I used to write a lot as a teenager. Hours and hours spent writing and overwriting, and correcting, and re-writing, drafts upon drafts. In Greek, mind, because that's my native language. I once passed some drafts to a big-name literary critic who was controversial for having said once that Kazantzakis had no talent; and he told me "write! Because you have talent!". He told me I got talent and he called Kazantzakis talent-less. What.

But of course I didn't become a professional writer. I didn't even try. I mean I kind of almost half-tried but it was obvious I could never write what I wanted (sci-fi and horror mainly with a smattering of fantasy) and still make a living. Not least because it was all written in Greek and those genres don't have a huge following in Greece. Or didn't back when I was a teenager, it's probably a bit better now. But still not enough to make a living out of. I could tell. Bad idea. Find a day job.

And then I got a job ...writing. Code. Ahem.

But I mean I'm bitching about the fact that we keep making all this new tech and none of it seems to make the life of artists any easier, and why not? Don't we all want to enjoy good art? Who's going to make it? Even if we replace human artists now, who's going to train the AI of the future to make new art, once the recombinations of the art they're already trained on stops being interesting? We enjoy novelty, right?


Your English writing seems to be quite excellent as well.

We have to draw the line somewhere with art, of course, and that usually comes down to a combination of what consumers value, and broader perceived cultural merit. Nobody really cares about the well-being of artists who specialize in making pretty paper airplanes, or drawing pictures using only the MSPaint pencil brush.

I think the audience, not the tools, deserve the most scrutiny here. Look around at this very thread, and all the people defending what the LLM wrote. Their feelings can't be argued with. But they make me feel sad and alienated, because I see a vast difference, so vast and so obvious, and they see none at all.

In the future, perhaps people will enjoy LLM work -- genuinely enjoy it -- as much as I've enjoyed Vonnegut or more. It may be the inevitable result of a broader cultural shift away from reading and writing. I guess with time, maybe we'll find out how valuable it actually is to have a strong command of one's language... I imagine, at least, people today are much better at other things to compensate.

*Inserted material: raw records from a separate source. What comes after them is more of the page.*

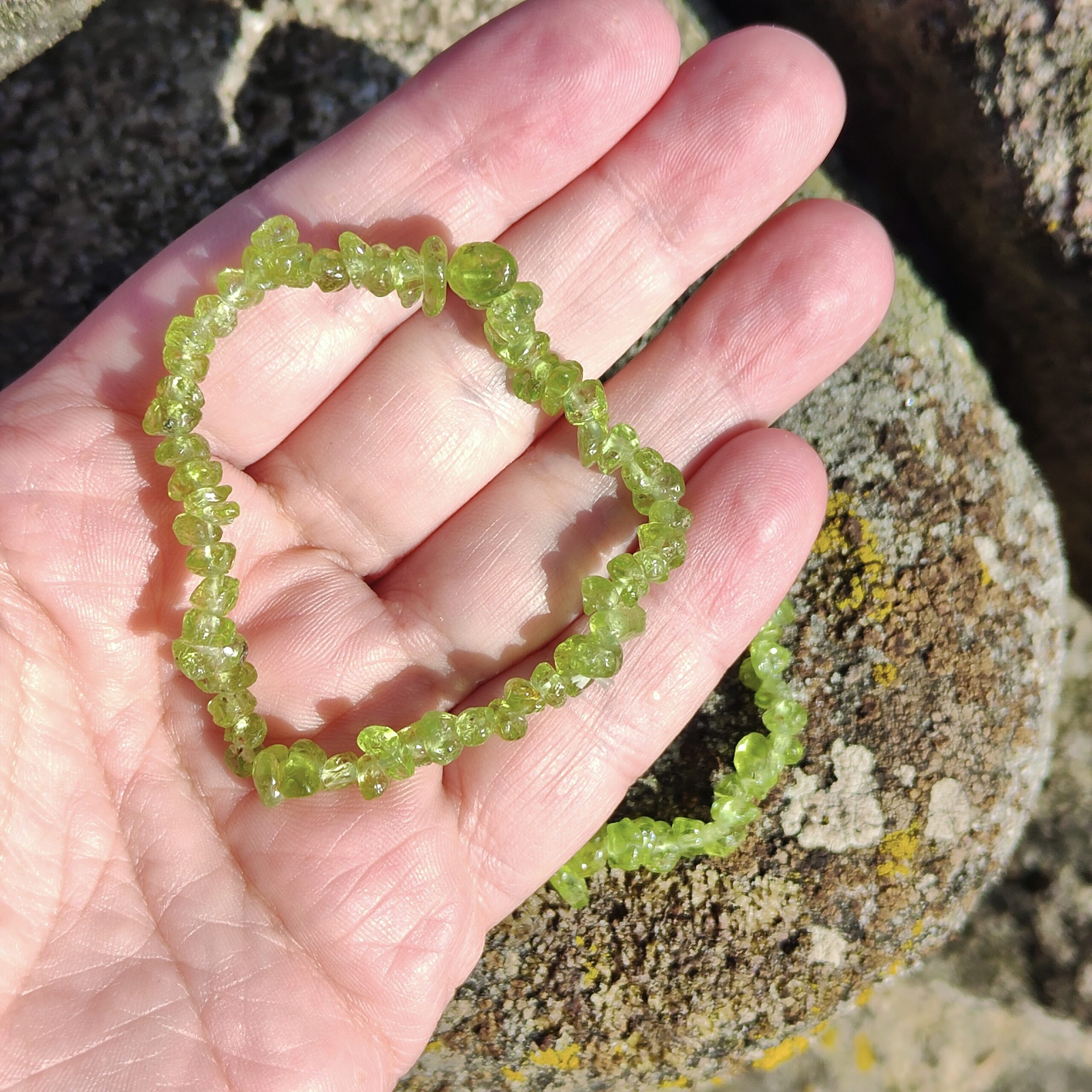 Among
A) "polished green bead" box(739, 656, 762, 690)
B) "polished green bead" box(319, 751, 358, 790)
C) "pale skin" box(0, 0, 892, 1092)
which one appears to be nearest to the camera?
"pale skin" box(0, 0, 892, 1092)

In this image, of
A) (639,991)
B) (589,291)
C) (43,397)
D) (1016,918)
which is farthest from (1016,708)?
(43,397)

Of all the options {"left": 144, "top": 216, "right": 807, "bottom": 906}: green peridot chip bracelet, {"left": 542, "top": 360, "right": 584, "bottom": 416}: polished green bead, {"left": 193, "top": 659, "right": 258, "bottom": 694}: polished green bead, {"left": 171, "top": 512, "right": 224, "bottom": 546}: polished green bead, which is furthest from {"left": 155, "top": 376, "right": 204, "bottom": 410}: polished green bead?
{"left": 542, "top": 360, "right": 584, "bottom": 416}: polished green bead

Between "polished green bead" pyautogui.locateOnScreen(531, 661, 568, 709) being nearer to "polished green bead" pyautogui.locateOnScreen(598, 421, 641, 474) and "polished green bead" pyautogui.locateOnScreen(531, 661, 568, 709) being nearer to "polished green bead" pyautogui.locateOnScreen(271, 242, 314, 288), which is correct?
"polished green bead" pyautogui.locateOnScreen(598, 421, 641, 474)

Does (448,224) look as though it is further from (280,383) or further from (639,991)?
(639,991)

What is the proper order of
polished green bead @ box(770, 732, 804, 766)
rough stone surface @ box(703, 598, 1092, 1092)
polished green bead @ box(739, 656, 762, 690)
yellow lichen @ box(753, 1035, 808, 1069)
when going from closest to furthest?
polished green bead @ box(770, 732, 804, 766) < polished green bead @ box(739, 656, 762, 690) < yellow lichen @ box(753, 1035, 808, 1069) < rough stone surface @ box(703, 598, 1092, 1092)

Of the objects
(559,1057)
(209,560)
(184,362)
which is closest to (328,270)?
(184,362)

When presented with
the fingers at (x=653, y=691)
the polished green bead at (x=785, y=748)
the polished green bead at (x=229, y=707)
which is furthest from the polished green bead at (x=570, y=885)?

>> Your English writing seems to be quite excellent as well.

Gosh! Thanks!

>> In the future, perhaps people will enjoy LLM work -- genuinely enjoy it -- as much as I've enjoyed Vonnegut or more. It may be the inevitable result of a broader cultural shift away from reading and writing. I guess with time, maybe we'll find out how valuable it actually is to have a strong command of one's language... I imagine, at least, people today are much better at other things to compensate.

I guess there's been a cultural shift away from literacy and towards technological prowess and science, at least in the anglophone world in the last couple decades? It seems so to me but I think it might be because I, myself, turned to tech and science, and away from literature, in that time.

What I remember from my school years is that most kids treated reading and writing as a chore. If I think about it, besides myself, there were just one or maybe two other kids I knew who read books other than what the school recommended, and for our own pleasure. I was the only kid I knew who wrote *.

Which is weird because, at a certain level, everyone can write, right? Like, at a certain level, everyone can sing, and if they really put themselves into it, most people can sing pretty decently after all. I would think it's the same with writing. There's plenty of people who write stuff, in the press, in books, online, for movies or theater etc. I always thought that was the main weakness of choosing a career as a writer: you do not have a moat. And like you suggest, taste is subjective so sometimes all you have to do to make a living as a writer is to capture the zeitgeist or get lucky.

Take J. K. Rowling as an example. I've absolutely read all of the Harry Potter series, but the writing is atrocious, the plot is trite and the world-building is unoriginal and shallow. Yet she's ... what, the best selling author ever or something like that? Like I say way above, people really want to read good stories. Or even not that good stories.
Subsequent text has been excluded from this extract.